> [Your task]
Where does "Road" appear in the data? Return each line that holds it.

> [Study material]
- - - - -

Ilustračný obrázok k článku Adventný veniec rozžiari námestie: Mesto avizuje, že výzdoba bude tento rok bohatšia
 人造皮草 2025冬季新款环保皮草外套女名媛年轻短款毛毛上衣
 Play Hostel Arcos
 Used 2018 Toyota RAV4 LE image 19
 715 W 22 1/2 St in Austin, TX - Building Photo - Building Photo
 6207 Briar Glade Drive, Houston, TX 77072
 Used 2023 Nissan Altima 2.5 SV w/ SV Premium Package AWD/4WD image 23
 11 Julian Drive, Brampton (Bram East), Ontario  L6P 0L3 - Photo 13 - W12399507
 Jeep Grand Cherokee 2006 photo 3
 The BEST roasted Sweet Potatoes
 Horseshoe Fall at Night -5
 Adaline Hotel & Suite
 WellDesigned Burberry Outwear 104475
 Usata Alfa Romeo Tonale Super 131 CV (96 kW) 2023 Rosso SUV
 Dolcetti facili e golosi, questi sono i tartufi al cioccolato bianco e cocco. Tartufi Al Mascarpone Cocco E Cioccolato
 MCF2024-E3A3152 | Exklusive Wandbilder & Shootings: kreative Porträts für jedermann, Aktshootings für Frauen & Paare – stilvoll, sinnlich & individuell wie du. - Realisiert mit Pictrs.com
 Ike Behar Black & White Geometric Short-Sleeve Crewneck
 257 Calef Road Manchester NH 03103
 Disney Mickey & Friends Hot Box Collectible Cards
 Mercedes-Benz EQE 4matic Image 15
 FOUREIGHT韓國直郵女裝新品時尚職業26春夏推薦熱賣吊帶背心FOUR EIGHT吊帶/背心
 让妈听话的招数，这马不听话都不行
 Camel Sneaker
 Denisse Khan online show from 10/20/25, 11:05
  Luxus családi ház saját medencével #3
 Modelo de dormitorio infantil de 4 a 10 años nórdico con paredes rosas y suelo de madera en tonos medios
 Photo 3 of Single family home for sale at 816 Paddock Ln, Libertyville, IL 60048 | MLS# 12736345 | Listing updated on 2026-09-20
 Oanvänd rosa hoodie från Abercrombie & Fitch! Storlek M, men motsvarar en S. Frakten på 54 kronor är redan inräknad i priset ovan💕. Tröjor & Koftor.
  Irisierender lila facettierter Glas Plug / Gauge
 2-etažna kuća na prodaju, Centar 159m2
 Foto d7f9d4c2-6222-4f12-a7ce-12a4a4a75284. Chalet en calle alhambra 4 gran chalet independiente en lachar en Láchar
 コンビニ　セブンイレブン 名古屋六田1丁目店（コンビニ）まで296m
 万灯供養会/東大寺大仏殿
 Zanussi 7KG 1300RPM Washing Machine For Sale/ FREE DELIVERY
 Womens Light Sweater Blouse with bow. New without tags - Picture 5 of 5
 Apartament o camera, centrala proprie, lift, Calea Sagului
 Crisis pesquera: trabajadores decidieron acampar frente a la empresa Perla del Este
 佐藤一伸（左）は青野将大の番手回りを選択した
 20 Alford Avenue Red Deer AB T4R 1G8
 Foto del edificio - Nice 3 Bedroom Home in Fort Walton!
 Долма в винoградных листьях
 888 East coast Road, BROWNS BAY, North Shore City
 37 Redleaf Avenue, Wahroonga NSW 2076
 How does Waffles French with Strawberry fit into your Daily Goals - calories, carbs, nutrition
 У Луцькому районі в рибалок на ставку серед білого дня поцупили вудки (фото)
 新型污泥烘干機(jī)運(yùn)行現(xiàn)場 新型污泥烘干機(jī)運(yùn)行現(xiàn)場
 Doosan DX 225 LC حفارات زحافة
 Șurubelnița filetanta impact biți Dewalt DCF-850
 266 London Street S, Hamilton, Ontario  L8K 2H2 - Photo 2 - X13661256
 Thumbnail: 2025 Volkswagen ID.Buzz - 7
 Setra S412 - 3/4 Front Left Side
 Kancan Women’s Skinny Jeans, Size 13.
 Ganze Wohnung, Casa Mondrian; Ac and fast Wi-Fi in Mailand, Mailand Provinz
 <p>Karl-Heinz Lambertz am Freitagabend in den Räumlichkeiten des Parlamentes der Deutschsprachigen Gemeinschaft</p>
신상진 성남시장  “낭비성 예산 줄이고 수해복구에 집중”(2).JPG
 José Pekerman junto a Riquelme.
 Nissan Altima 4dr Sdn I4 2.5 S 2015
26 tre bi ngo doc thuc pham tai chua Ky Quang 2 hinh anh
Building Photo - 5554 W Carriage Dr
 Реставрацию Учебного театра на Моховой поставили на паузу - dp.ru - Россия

- - - - -

> [Answer for the task]
 257 Calef Road Manchester NH 03103
 888 East coast Road, BROWNS BAY, North Shore City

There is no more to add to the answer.